Can Bad or Fair Credit Affect Your Chances of Getting a Job?
It is no secret that the employers’ goal is to find a responsible and reliable candidate. And since a good credit history is one of the indicators of trustworthiness, HR specialists of some companies can check potential employees’ credit reports. Sometimes, credit checks may also be conducted by your current employer in case they are giving you a promotion. But the question is whether you should worry if your score is less than perfect.
Only a Third of Employers Turn to Credit Checks
To begin with, of course, not all companies practice this. Credit checks are more common in such spheres as finance, government, and other public service jobs. And no wonder, since employers simply need to secure themselves if the job involves working with money or confidential information. Still, there are other certain companies or positions applying for which you may face similar inspections.

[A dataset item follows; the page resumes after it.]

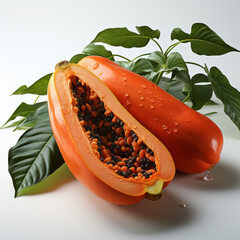 Poster - The papaya fruit is sweet and fresh with a white background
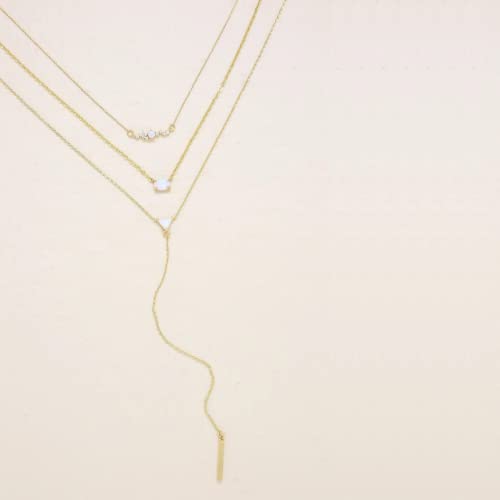Ettika Lariat Necklace for Women. Gold Drop Necklace, Necklaces for Women. 18K Gold or Rhodium Plated Chain. Trendy Jewelry - color: N1949 Gold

According to the employer credit check survey carried out by the Professional Background Screening Association together with HR.com, 25% of the HR professionals request candidates’ credit reports from the credit bureaus only when hiring for particular positions, and just 6% always check applicants’ creditworthiness regardless of the vacancy.
Employer Credit Checks Cannot Impact on Your Score
Unlike credit card issuers and lenders, employers can only check a limited version of your credit report showing your payment history, available credit, and debt. The credit checks count as “soft inquiries”. This means that, first, no one can see any of those except you, and, second, your credit score can never be hurt by this.

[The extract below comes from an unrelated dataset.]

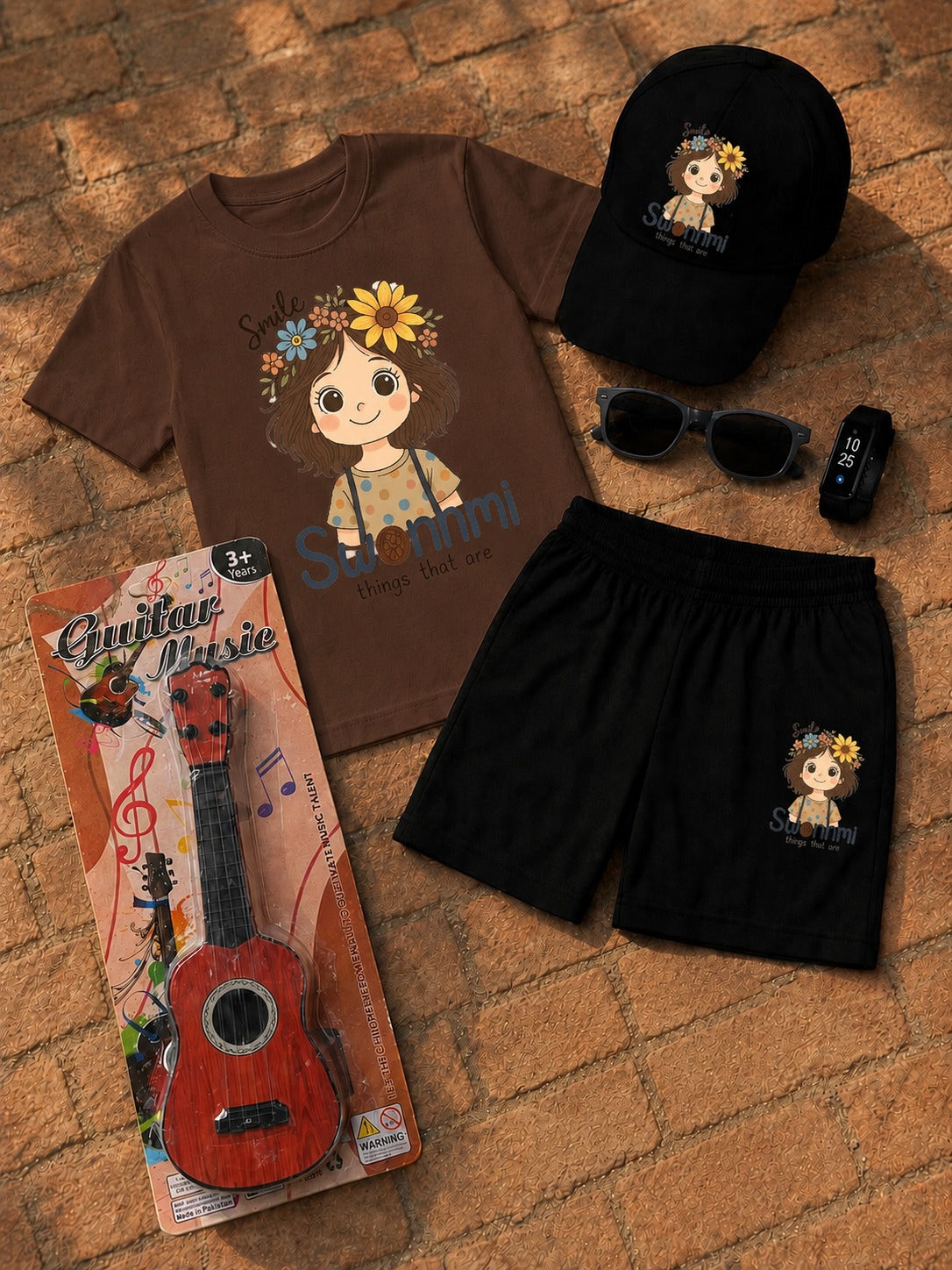 Premium Kids 6-Piece Summer Clothing & Toy Gift Set with Free Toy Guitar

Employer Credit Checks Are Regulated by Law
To your calm, there is a special document to regulate the process of employment credit checks – the Fair Credit Reporting Act or FCRA. It states that employers must inform candidates in advance and get written permission on conducting the credit check. Moreover, applicants must be given a copy of the report used to make the decision.
Besides the federal law, some states and cities restrict employers’ abilities to run credit checks for employment purposes or ban this action at all. For example, they may not be able to do a check on one selected applicant while exempting other applicants for the same job from this.

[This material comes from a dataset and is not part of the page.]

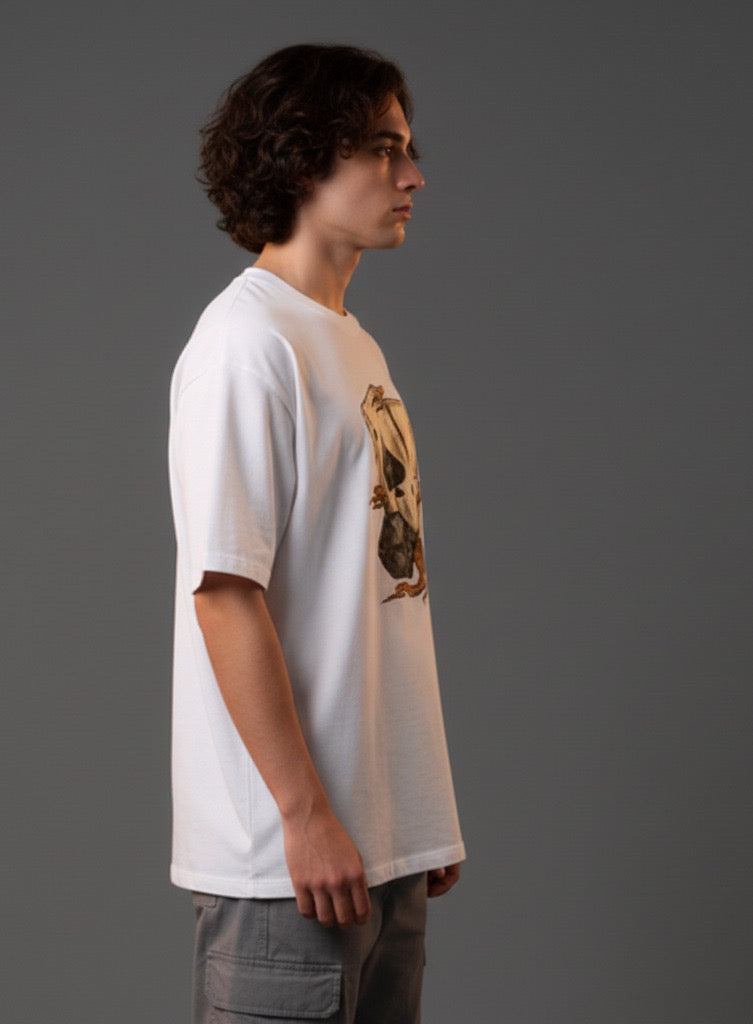 Men White Graphic Cotton Oversized T-Shirt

Employers Will Give You a Chance to Explain
Yes, it is quite possible that your credit history may be taken into consideration when applying for a job. Thus, you’d better try your best to keep your credit accounts in good standing. Anyway, in most cases, your bad or fair credit is not a crucial point. And sometimes even bankruptcy cannot prevent you from getting the desired position if you are truly a professional and were at your best during the interview. Also, note that, according to FCRA, employers should give you an opportunity to review the report and explain or dispute any negative information.